QUALE SOLUZIONE QUINDI?

RICOMINCIARE A SENTIRSI SICURI

TORNARE CON I PIEDI TERRA

“GROUNDING”

ll concetto di “grounding” può essere considerato, insieme alla respirazione, uno dei
pilastri della teoria e della pratica bioenergetica. Nonostante non vi sia un termine
corrispondente in italiano, il grounding può essere definito come “radicamento”,
ovvero la capacità dell’individuo di sentirsi ancorato, “radicato” appunto, al terreno. Il
grounding in bioenergetica riveste un significato ampio che coinvolge allo stesso
tempo una dimensione psicologica ed una condizione specificatamente corporea.

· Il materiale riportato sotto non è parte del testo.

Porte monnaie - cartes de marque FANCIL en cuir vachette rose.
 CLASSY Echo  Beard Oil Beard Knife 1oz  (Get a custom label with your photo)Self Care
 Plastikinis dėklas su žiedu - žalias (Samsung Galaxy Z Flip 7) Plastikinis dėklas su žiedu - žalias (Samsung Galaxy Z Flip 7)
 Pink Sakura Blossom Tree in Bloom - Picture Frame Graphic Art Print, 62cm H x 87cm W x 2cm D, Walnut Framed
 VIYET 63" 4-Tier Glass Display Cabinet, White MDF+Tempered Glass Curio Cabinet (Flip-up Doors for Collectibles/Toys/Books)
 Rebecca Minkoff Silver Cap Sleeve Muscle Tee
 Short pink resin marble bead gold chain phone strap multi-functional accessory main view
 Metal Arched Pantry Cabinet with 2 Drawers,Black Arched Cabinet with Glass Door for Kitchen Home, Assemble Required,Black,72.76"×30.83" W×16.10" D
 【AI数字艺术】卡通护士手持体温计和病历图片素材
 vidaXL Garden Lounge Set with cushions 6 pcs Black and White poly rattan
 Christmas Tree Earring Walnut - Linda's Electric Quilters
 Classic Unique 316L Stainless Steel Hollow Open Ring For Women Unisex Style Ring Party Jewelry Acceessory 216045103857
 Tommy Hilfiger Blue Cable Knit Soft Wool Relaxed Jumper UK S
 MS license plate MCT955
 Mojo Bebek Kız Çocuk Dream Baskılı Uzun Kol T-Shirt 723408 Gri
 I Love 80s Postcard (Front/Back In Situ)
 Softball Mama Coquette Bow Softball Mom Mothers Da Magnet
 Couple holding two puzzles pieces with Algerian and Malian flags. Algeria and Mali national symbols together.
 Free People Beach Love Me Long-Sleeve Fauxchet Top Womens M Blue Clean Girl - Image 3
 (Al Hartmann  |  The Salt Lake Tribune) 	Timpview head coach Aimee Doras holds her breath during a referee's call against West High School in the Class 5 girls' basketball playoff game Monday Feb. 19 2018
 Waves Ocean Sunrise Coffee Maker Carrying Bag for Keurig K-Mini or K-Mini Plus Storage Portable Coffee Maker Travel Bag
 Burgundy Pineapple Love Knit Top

Il sentimento di sicurezza interiore ha origine nelle prime fasi di vita del bambino e in
particolare in quelle esperienze di cura amorevoli ed accoglienti che la madre ha
saputo donare. Alla nascita il bambino, infatti, dipende dalla madre per il
sostentamento. Questo sentimento per il neonato e per il bambino è qualcosa di più del
nutrimento, il bambino ha bisogno di amore, sicurezza, di soddisfazioni narcisistiche.
Interessante a tal proposito è il famoso studio sulle scimmie di Harlow (1958) in cui egli
dimostrava che la necessità di contatto fisico è un bisogno primario e indipendente da
quello relativo al soddisfacimento dei bisogni fisiologici, e che il legame di
attaccamento madre-figlio è qualcosa di più che l’esito di un rapporto strumentale
finalizzato all’ottenimento di cibo da parte del cucciolo. Questa stesso nutrimento di cui
necessita il bambino è rintracciabile nel sentimento di grounding materno.

Il grounding è simile alla messa a terra di un circuito elettrico ad alta tensione, che ha
la funzione di scaricare l’energia e l’eccitazione del corpo in eccesso. Così come in un
sistema elettrico, nell’organismo un accumulo di carica potrebbe essere altrettanto
pericoloso se le basi non sono sufficientemente solide. Ecco perché un solido
radicamento con il suolo permette, non solo un sostegno maggiore, ma anche una
maggior capacità di sostenere e mantenere uno stato di forte carica emotiva senza
entrare in stato di sovreccitazione o di ansia.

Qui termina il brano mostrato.